A. non è certo una figura di prim'ordine come Epaminonda, Alcibiade e lo stesso Lisandro; ma è certo molto interessante per l'azione spiegata nella sua patria per poco meno di un quarantennio, e specialmente per l'idealità nazionale, che (nel periodo della guerra contro la Persia) in lui si presenta con contorni ben definiti e salienti. La leggenda ci rappresenta il proposito di salpare, come Agamennone, da Aulide, quale effetto di una visione avuta in sogno, ma certo egli concepì il disegno d'inferire un colpo mortale al regno di Persia, se anche non poteva illudersi di distruggerlo, e l'atteggiamento a nuovo Agamennone, se anche un po' retorico, rivela il suo programma panellenico. Non fu nell'arte della guerra un innovatore come Ificrate ed Epaminonda; ma che talenti militari non gli mancassero, provano tutti i buoni successi avuti in Asia e in Europa. Il trattamento che A. usava coi popoli vinti, informato a durezza e violenza, non fu inaugurato da lui, ma era tradizionale nella politica spartana, specialmente dopo il crollo della potenza ateniese. Considerando tutta l'opera sua, si comprende quanto Lisandro si fosse illuso nella speranza che A. sarebbe per essere un docile strumento nelle sue mani: egli ebbe invece una volontà decisa e un'energia non comune nell'attuarla. L'essere andato più che vecchio a combattere in territorî tanto lontani per giovare alla sua patria, dimostra che, se il suo corpo era resistente, non meno vigorosa era la sua fibra morale. Inoltre egli possedeva la misura necessaria in certe occasioni, nelle quali l'intransigenza può riuscire pericolosa. Egli non ebbe l'ostinazione di un Acrotato, che si rifiutava di perdonare agli sbandati di Megalopoli; così assolse nella sua veste di nomoteta i fuggiaschi di Leuttra, perché condannare tutti era lo stesso che proclamare la viltà di tutti gli Spartani. Non si poteva pretendere dai soldati l'incondizionata abnegazione della quale avevano dato prova i re, come Leonida e Cleombroto; e certo quegli stessi fuggiaschi assolti non mancarono di riabilitarsi nella prosecuzione della guerra. Agesilao, dunque, sotto tutti gli aspetti, se non si può chiamare un genio, è stato uno dei re più significativi di Sparta, e, confrontato a Pompeo, al quale Plutarco lo paragona, se non ci guadagna, non ci perde nemmeno.

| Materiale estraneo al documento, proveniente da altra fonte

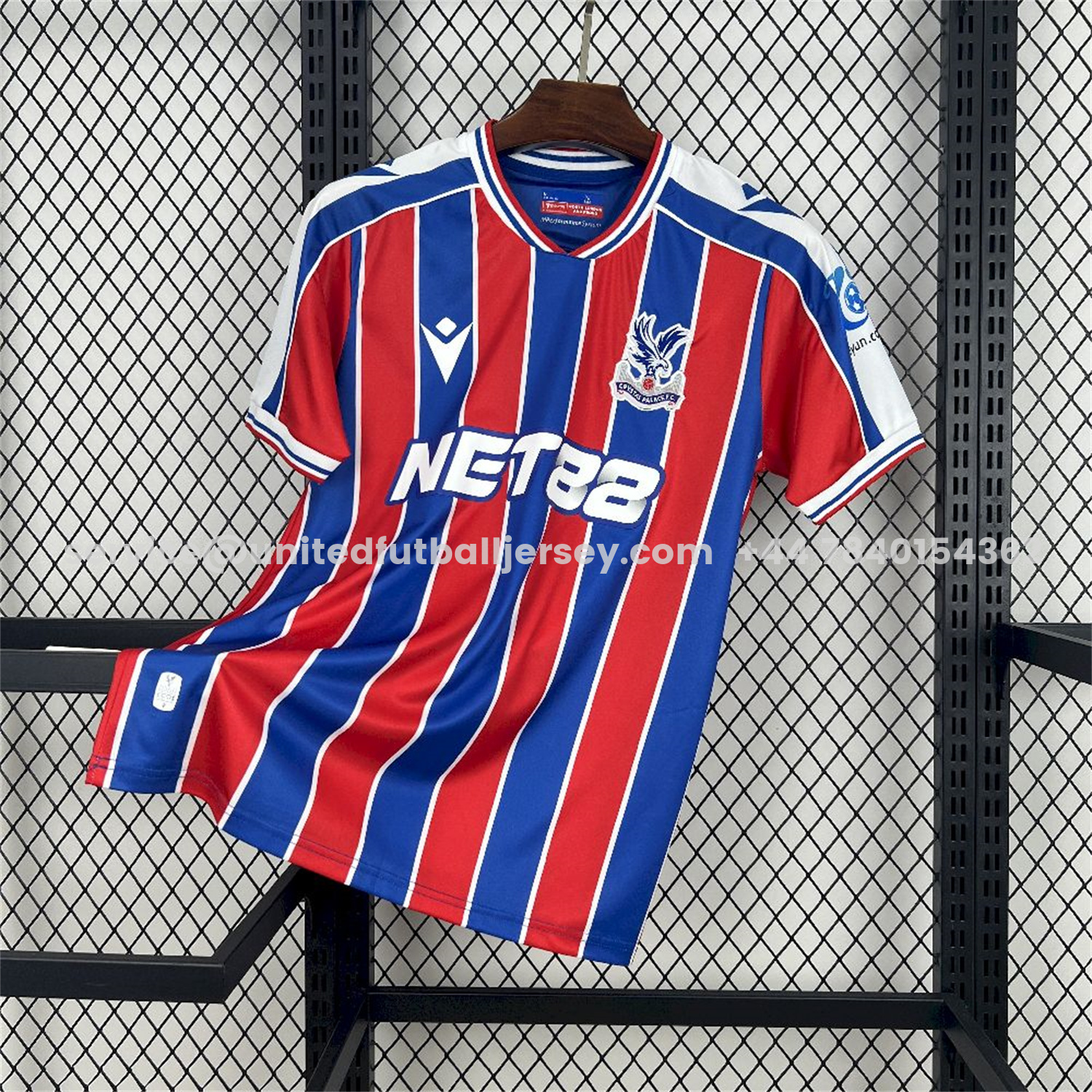 unitedfutballjersey-Crystal Palace 25-26 Home Jersey - Fans Version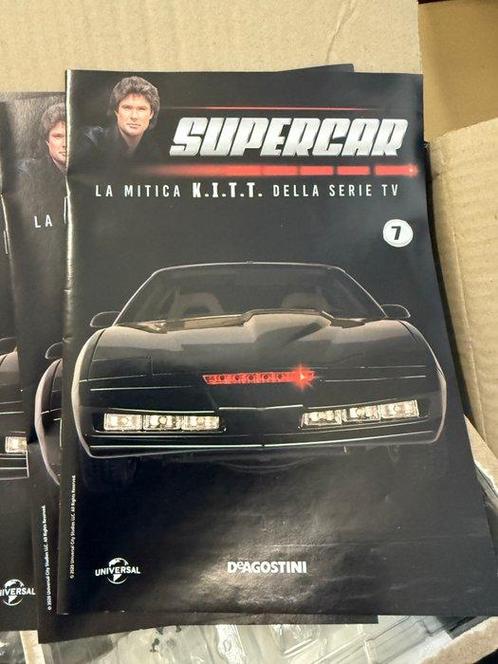 Altaya 1:8 - Model sportwagen - Knight Rider da costruire, Hobby en Vrije tijd, Modelauto's | 1:5 tot 1:12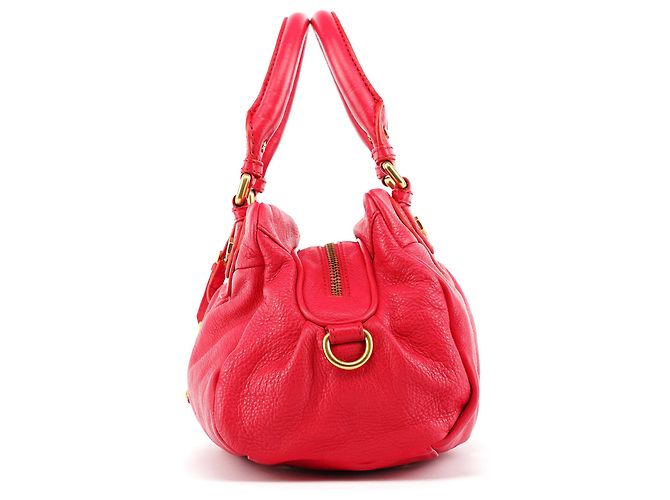 Marc by Marc Jacobs Borsa 2-Way Classic Q Baby Groovee in pelle rosa - vista 2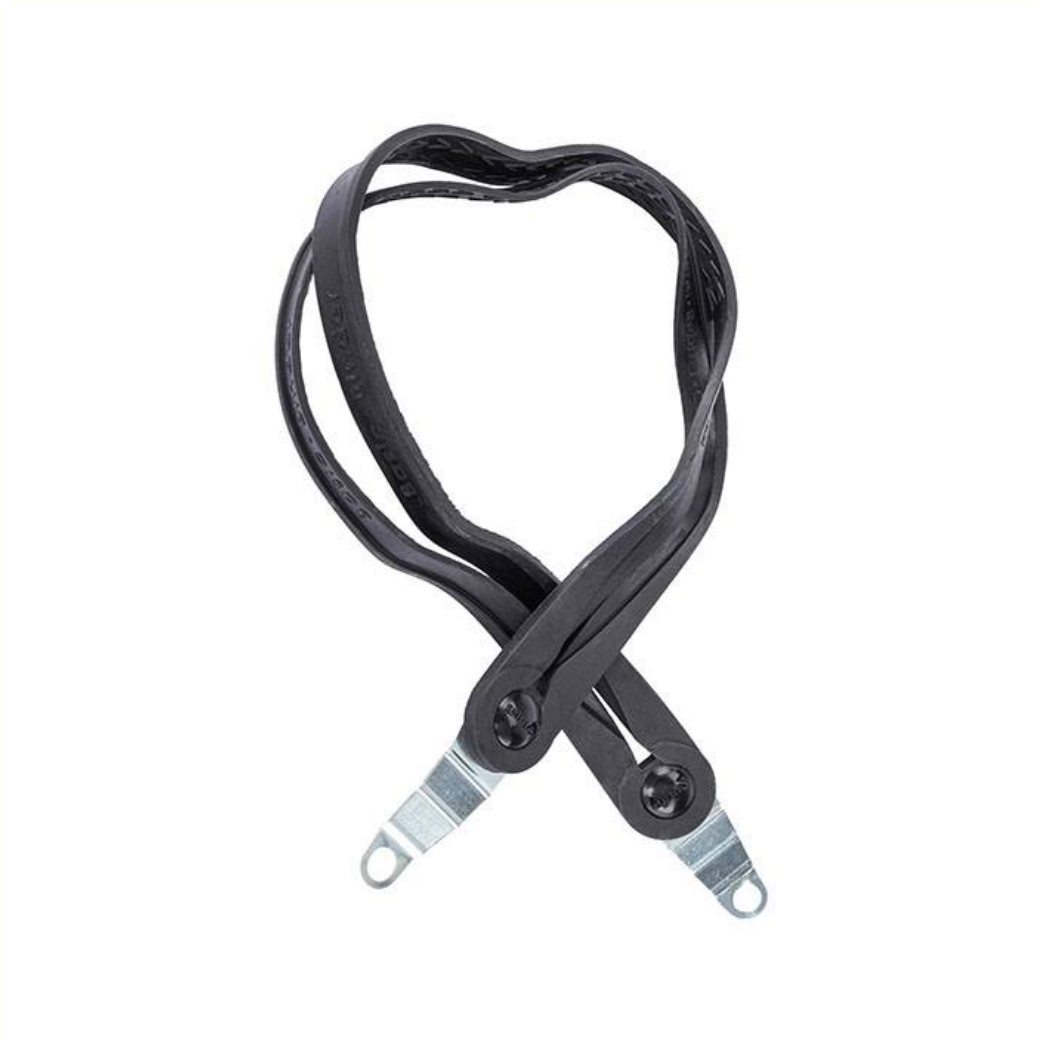 Snelbinder Bibia rubber zwart TGS Compleet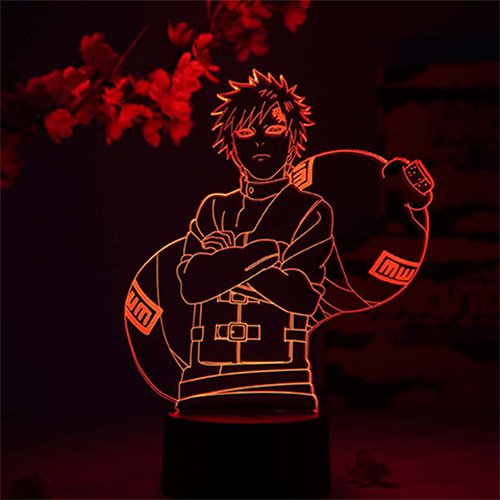 Naruto: Shippuden Gaara Otaku Lamp
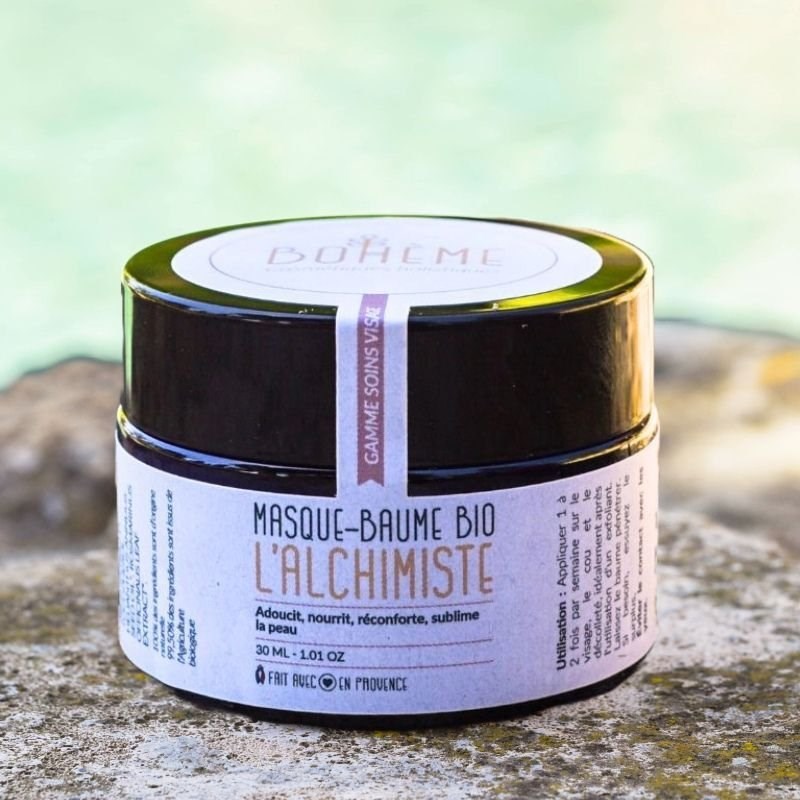 So Bohème Cosmétiques - Masque bio régénérant l’alchimiste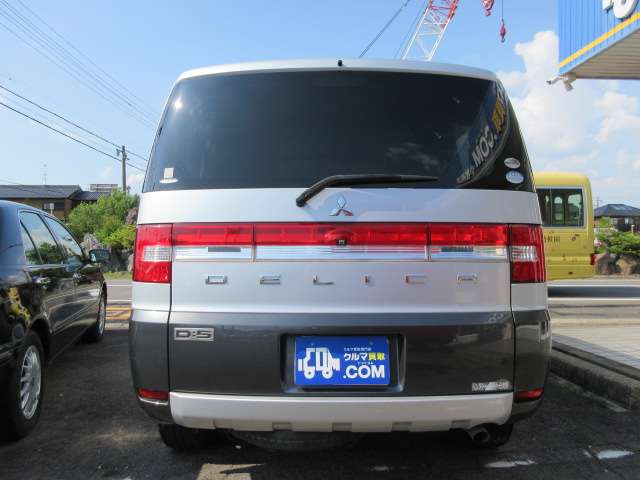 三菱 デリカ　Ｄ：５ ２．４ Ｇ パワーパッケージ ４ＷＤ H21年 (東海) 99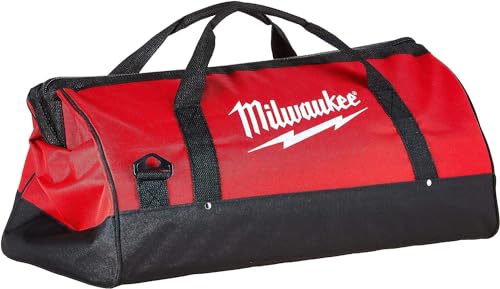 Milwaukee 902033036 23x12x12 Canvas Tool Bag W/Strap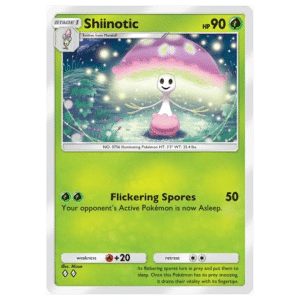 Pokemon TCG Pocket Mythical Island Mythical Island Shiinotic Pokemon TCG Pocket Mythical Island - Mythical Island Shiinotic
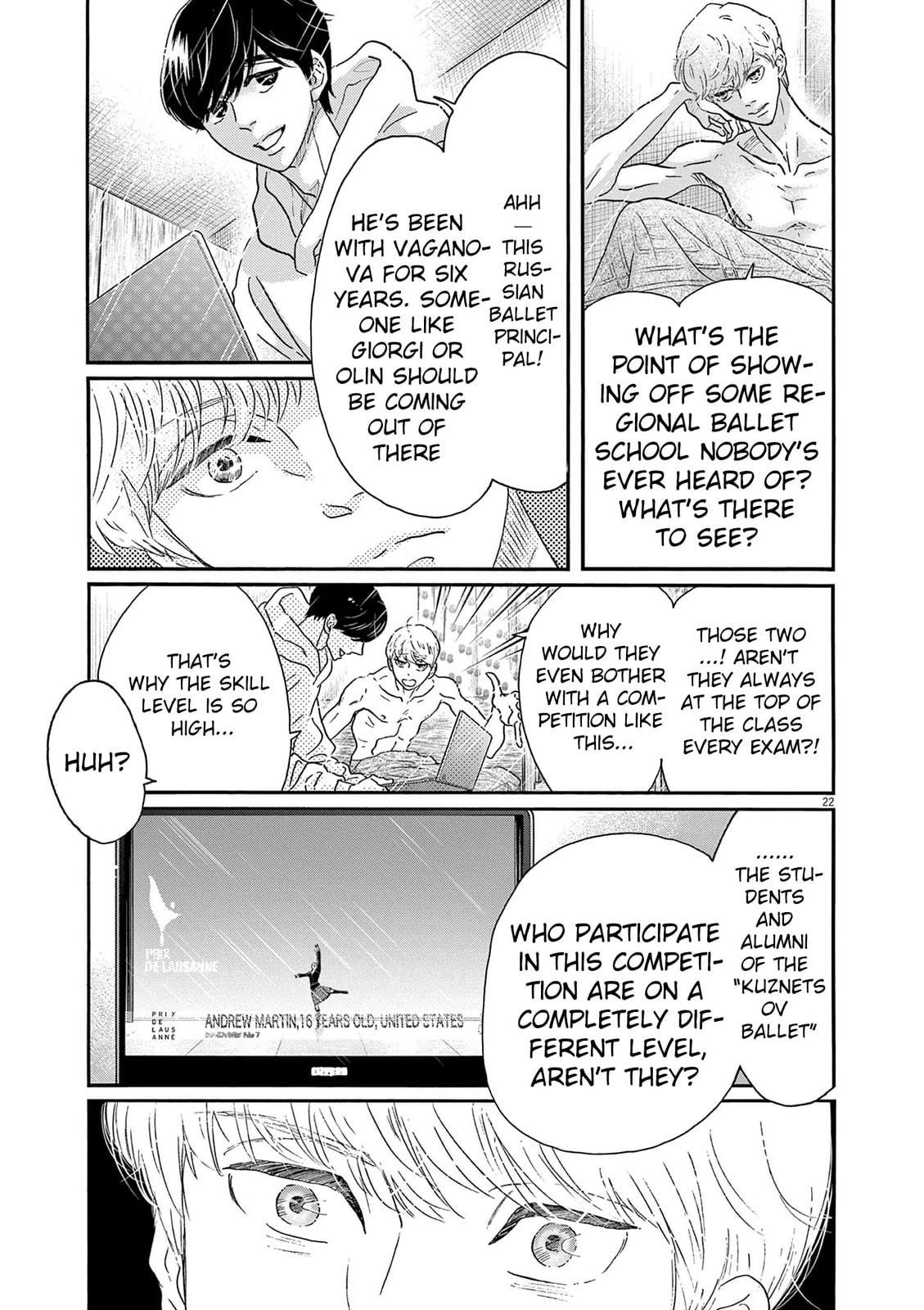 Dance Dance Danseur Chap 198 - Next Chap 199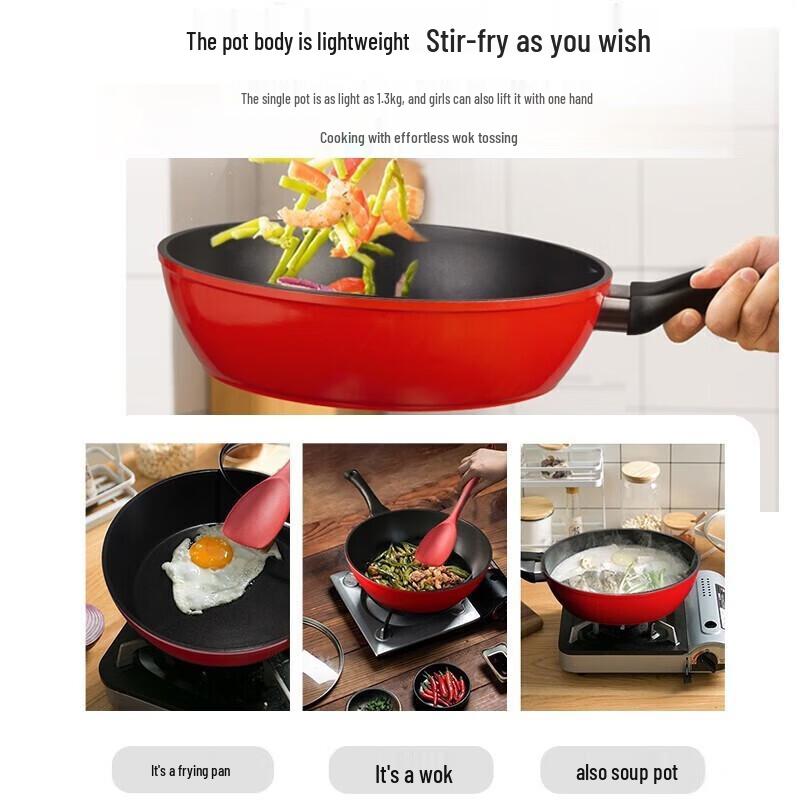 Zwilling Non-Stick Frying Pan with Silicone Spatula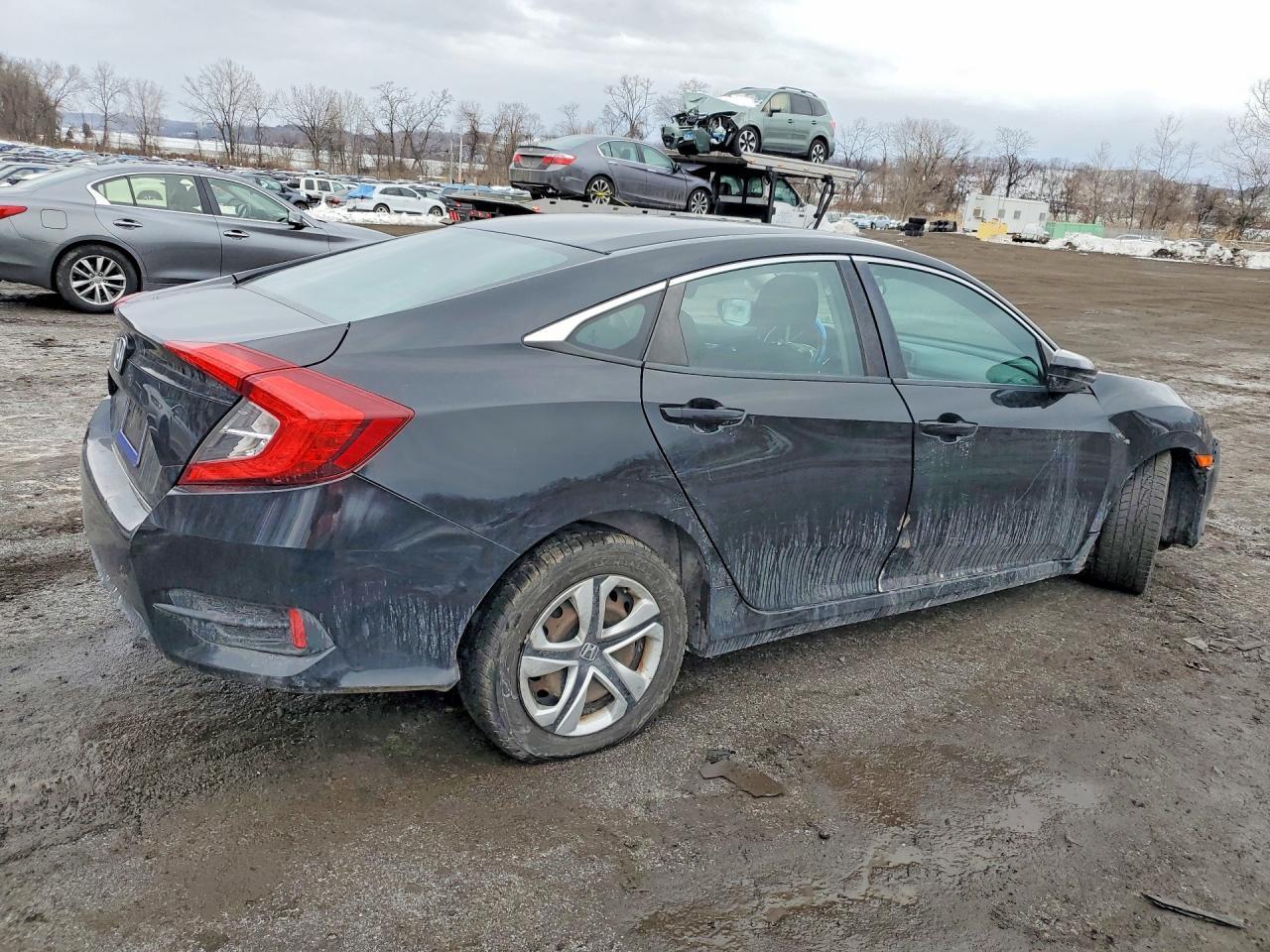 2016 HONDA CIVIC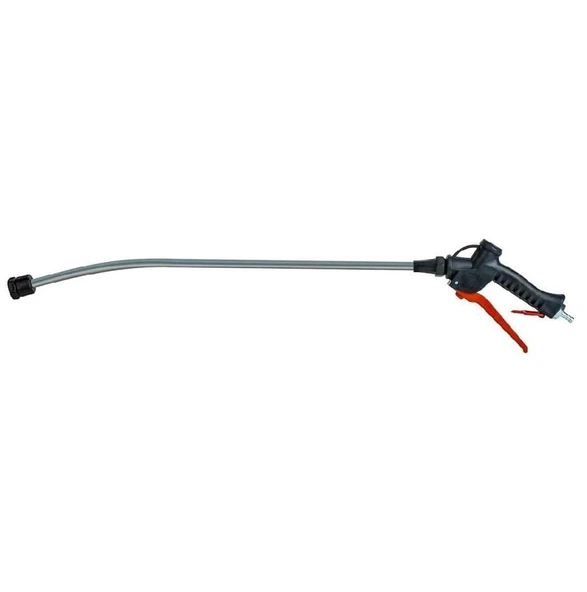 Oto Yıkama Havalı Köpük Pompası Tabancası Krom 120Cm ürün görseli 1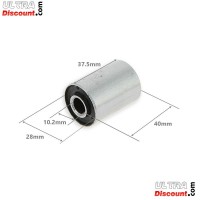 Paire de Silent Blocs Quad Shineray 200cc 40mm Bilder 1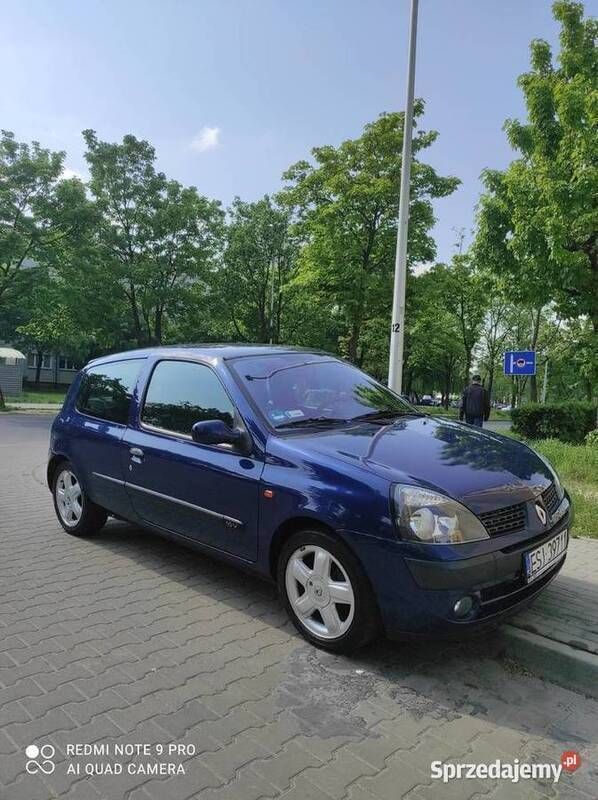 Używany 2001 Renault Clio II | 4500 zł (Dość drogi) - Obraz 1/4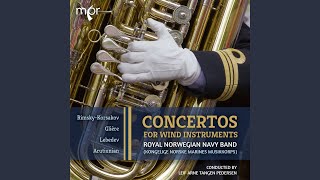 Concerto in 1 Movement Arr T Grøndahl for Bass Trombone amp Wind Ensemble [upl. by Sollows]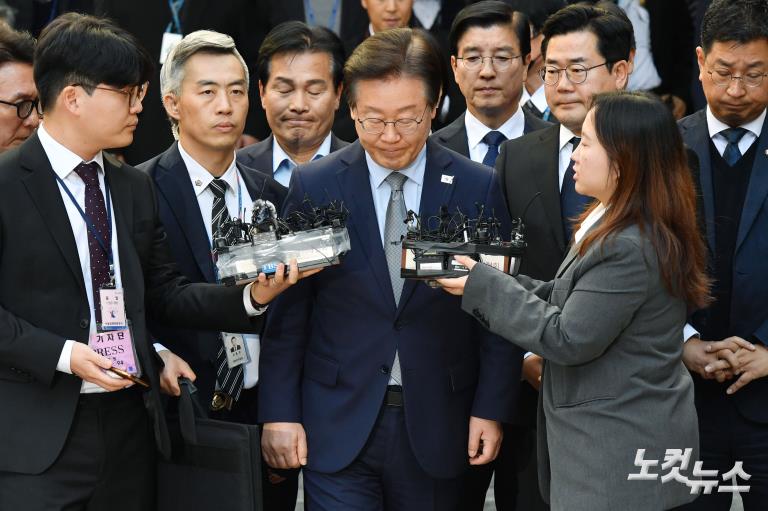 이재명, '선거법 위반' 1심 징역형 집유…의원직 상실형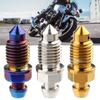 Nerezový motocyklový vypouštěcí šroub oleje M10 P1.0 1.25mm Brzdový třmen pro Edri/Rizuma/Brebo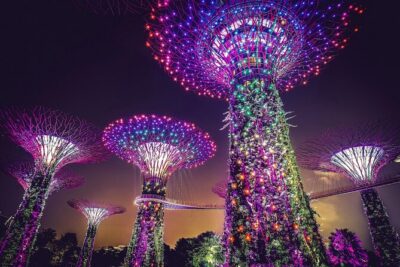 Singapore Starry Night Cruise, Garden Rhapsody & Spectra Show - A 5:30pm start that hits Singapore at peak glow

Fonti: Le Elleniche e l'Agesilao di Senofonte, le vite plutarchee di Agesilao, di Lisandro e di Pelopida, le vite di [Agesilao] e Conone, di Cornelio Nipote. Per la descrizione della campagna in Asia, vedi inoltre lo storico d'Ossirinco identificato con Cratippo o Teopompo o anche con Androzione, col. VII e segg.
Bibl.: Stern, Geschichte der spartan. und theban. Hegemonie, Dorpat 1884; Judeich, Kleinasiat. Studien, Marburgo 1892, p. 53 segg.; E. Meyer, Geschichte des Altertums, V, passim; Beloch, Griech. Gesch., 2ª ed., III, i, passim; II, pp. 125, 211-221.